Recorded information: Begin
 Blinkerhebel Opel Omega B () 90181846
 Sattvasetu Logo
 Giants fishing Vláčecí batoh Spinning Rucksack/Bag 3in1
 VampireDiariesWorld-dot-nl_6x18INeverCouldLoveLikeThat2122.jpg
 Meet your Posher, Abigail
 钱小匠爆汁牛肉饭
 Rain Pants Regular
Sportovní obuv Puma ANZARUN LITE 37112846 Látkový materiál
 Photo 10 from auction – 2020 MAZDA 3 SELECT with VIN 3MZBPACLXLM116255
Recorded information: End
Recorded information: Begin
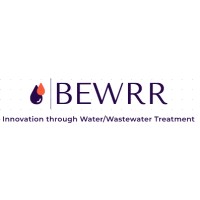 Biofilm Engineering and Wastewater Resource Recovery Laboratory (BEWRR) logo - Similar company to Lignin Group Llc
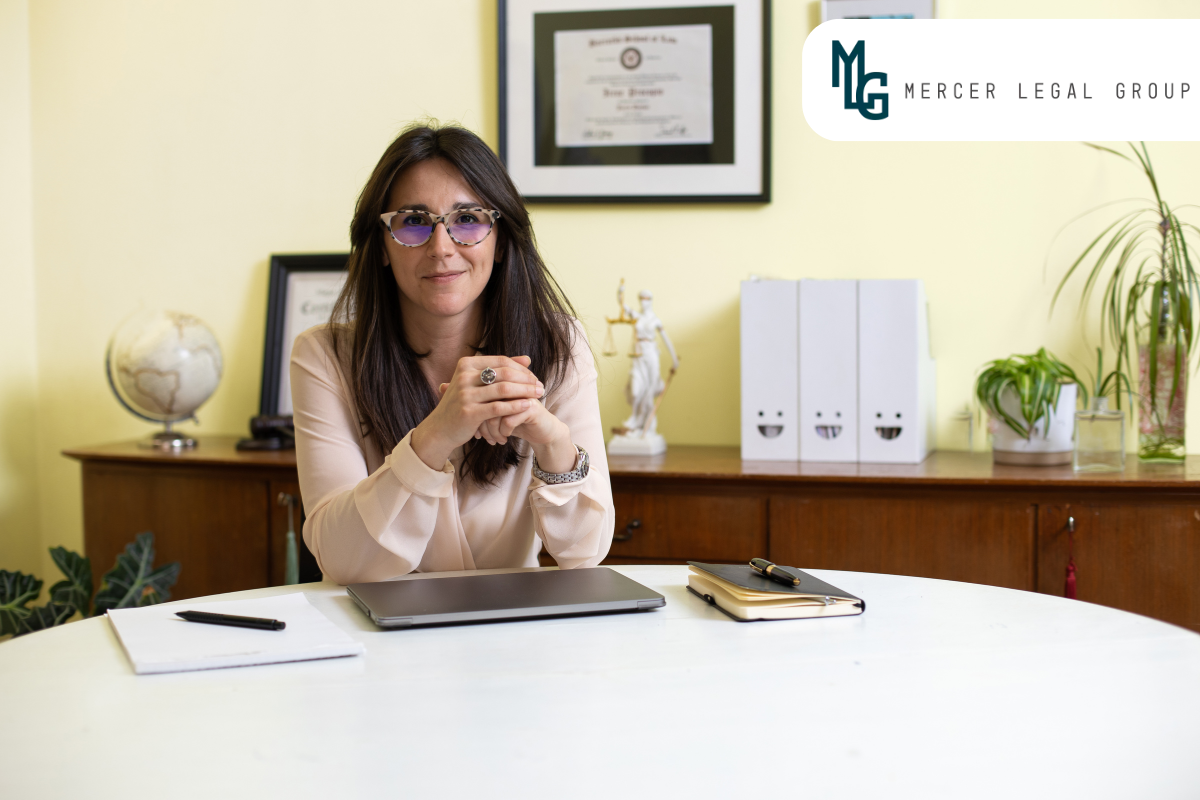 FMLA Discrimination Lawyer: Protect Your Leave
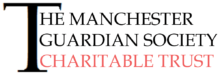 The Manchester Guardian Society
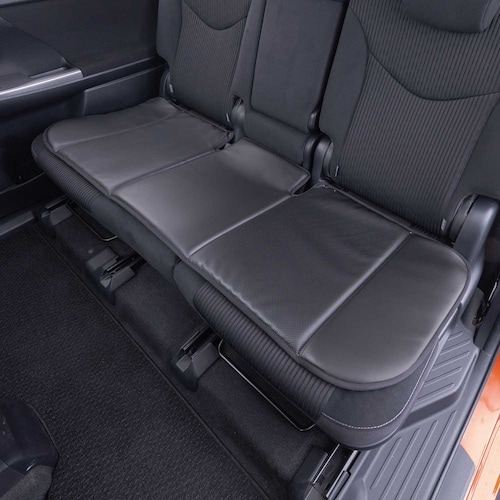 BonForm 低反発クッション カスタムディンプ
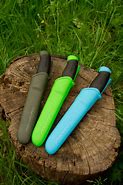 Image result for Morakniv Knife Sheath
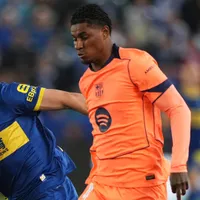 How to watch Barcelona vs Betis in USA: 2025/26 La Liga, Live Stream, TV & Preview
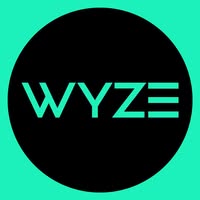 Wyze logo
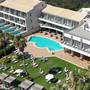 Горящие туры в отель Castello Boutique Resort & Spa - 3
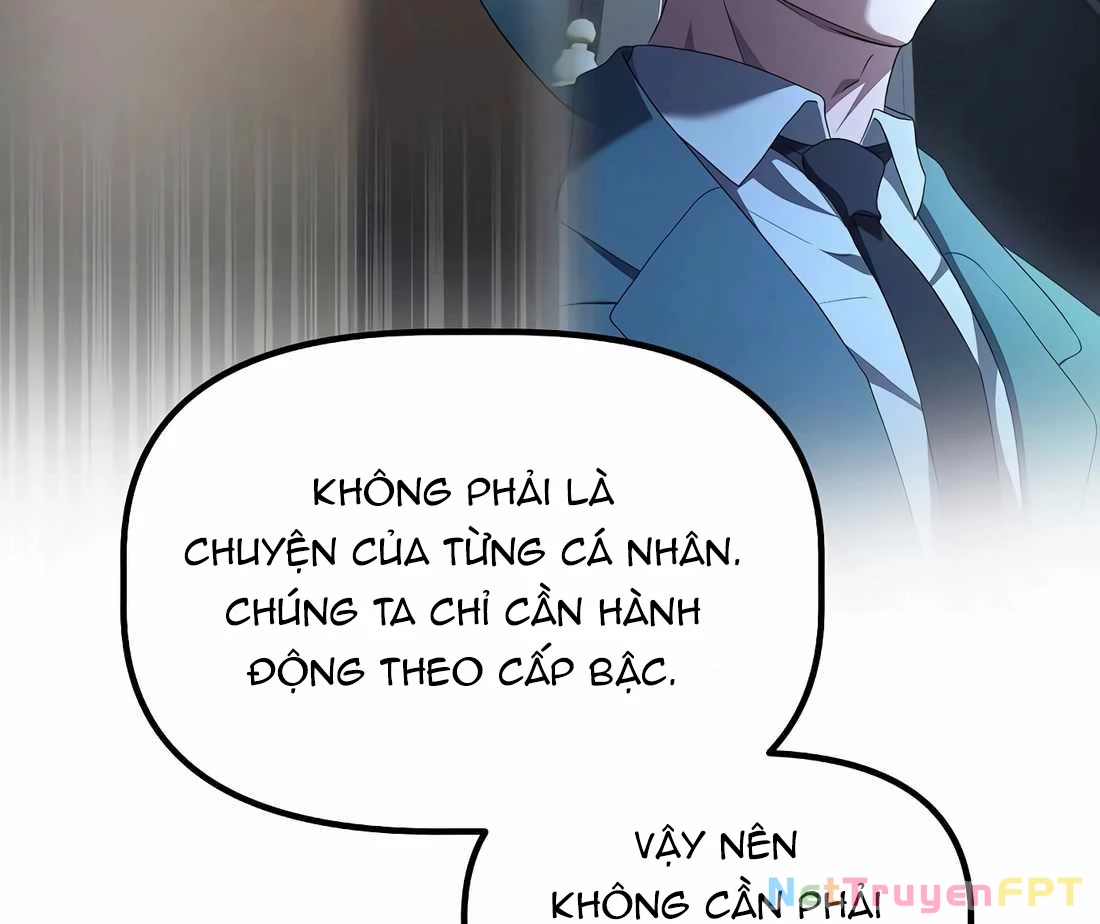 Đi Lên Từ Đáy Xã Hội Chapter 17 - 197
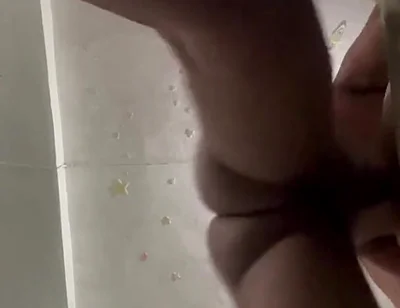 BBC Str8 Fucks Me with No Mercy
Recorded information: End
## What the task requires
Look back at the data above. Transcribe exactly the lines starting at the line that contains "Blinkerhebel Opel Omega B () 90181846" and ending at the line that contains "Sportovní obuv Puma".

## Exercise answer
 Blinkerhebel Opel Omega B () 90181846
 Sattvasetu Logo
 Giants fishing Vláčecí batoh Spinning Rucksack/Bag 3in1
 VampireDiariesWorld-dot-nl_6x18INeverCouldLoveLikeThat2122.jpg
 Meet your Posher, Abigail
 钱小匠爆汁牛肉饭
 Rain Pants Regular
Sportovní obuv Puma ANZARUN LITE 37112846 Látkový materiál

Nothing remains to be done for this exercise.